DATA EXTRACT:
>>

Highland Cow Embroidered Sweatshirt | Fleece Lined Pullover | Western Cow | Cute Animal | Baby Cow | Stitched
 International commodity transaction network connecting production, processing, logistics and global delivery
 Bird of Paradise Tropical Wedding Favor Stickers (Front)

<<
>>

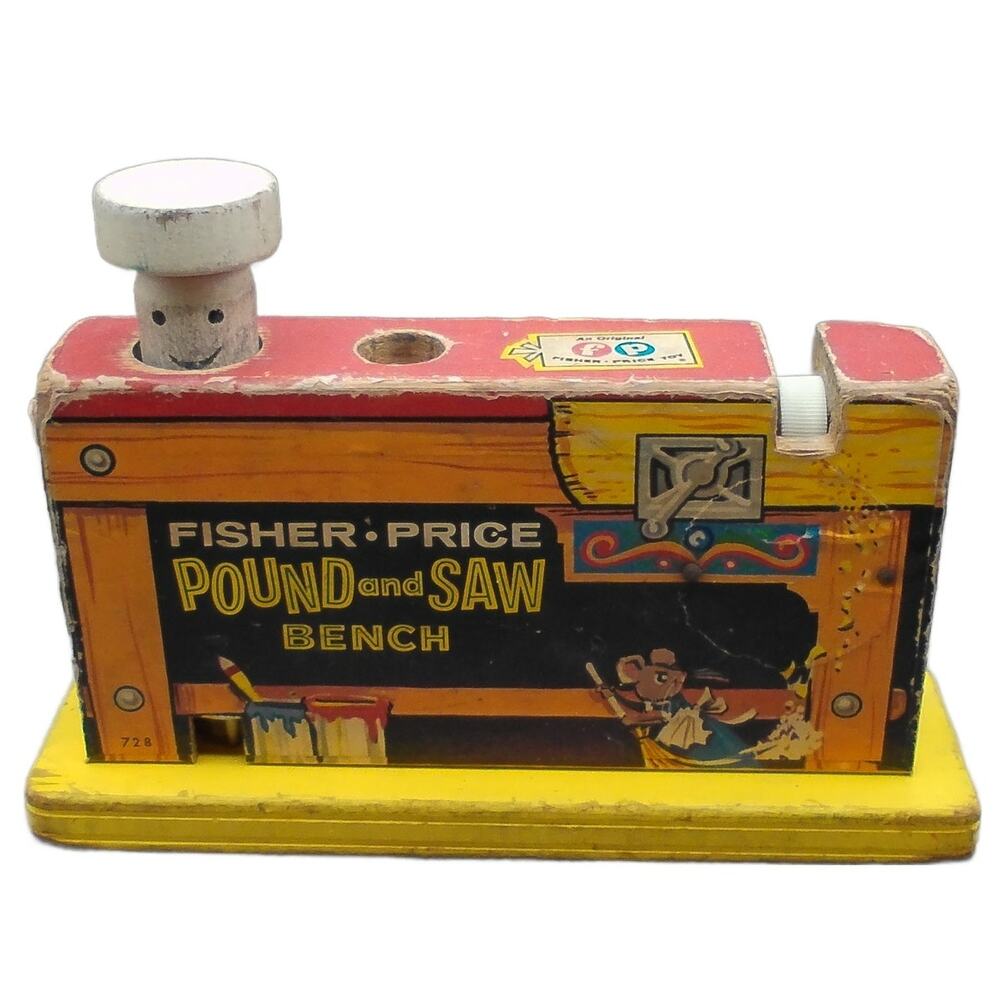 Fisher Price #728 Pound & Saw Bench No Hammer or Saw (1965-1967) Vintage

<<

TRY IT: Give back exactly the lines above, from the line containing "Highland Cow Embroidered" through the line containing "Bird of Paradise", with both end lines and nothing more.

FINISHED EXERCISE:
Highland Cow Embroidered Sweatshirt | Fleece Lined Pullover | Western Cow | Cute Animal | Baby Cow | Stitched
 International commodity transaction network connecting production, processing, logistics and global delivery
 Bird of Paradise Tropical Wedding Favor Stickers (Front)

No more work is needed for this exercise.